┌─ Supplied material

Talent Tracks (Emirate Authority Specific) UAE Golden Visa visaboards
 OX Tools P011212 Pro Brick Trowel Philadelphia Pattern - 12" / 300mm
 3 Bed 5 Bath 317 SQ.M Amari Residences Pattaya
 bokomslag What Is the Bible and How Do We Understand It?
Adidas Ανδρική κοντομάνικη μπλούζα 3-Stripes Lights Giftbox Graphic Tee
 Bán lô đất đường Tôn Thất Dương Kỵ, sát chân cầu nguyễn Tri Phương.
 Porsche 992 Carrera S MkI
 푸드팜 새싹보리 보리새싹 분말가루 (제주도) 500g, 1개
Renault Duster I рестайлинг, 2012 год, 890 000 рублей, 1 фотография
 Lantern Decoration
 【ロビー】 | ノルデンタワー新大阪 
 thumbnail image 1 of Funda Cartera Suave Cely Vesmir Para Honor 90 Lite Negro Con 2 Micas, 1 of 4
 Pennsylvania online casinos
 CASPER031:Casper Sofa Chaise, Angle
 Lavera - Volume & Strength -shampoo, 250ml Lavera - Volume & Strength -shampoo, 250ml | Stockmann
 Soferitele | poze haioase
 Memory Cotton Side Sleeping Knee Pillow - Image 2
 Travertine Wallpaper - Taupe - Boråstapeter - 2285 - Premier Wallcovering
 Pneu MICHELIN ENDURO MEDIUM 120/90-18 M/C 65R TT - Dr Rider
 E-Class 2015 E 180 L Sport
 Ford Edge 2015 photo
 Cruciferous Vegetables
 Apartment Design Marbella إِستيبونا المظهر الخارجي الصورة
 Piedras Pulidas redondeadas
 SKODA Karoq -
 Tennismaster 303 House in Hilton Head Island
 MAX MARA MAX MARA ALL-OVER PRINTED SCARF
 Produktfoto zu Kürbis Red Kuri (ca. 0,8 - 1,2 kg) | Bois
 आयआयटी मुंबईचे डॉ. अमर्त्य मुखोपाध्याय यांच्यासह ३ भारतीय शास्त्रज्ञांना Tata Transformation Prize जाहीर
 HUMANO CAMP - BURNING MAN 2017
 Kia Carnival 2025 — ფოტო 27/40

└─

Given the records above, restate word for word only the lines starting at the one with "Porsche 992 Carrera S MkI" and ending at the one with "Ford Edge 2015 photo".

● Answer box
 Porsche 992 Carrera S MkI
 푸드팜 새싹보리 보리새싹 분말가루 (제주도) 500g, 1개
Renault Duster I рестайлинг, 2012 год, 890 000 рублей, 1 фотография
 Lantern Decoration
 【ロビー】 | ノルデンタワー新大阪 
 thumbnail image 1 of Funda Cartera Suave Cely Vesmir Para Honor 90 Lite Negro Con 2 Micas, 1 of 4
 Pennsylvania online casinos
 CASPER031:Casper Sofa Chaise, Angle
 Lavera - Volume & Strength -shampoo, 250ml Lavera - Volume & Strength -shampoo, 250ml | Stockmann
 Soferitele | poze haioase
 Memory Cotton Side Sleeping Knee Pillow - Image 2
 Travertine Wallpaper - Taupe - Boråstapeter - 2285 - Premier Wallcovering
 Pneu MICHELIN ENDURO MEDIUM 120/90-18 M/C 65R TT - Dr Rider
 E-Class 2015 E 180 L Sport
 Ford Edge 2015 photo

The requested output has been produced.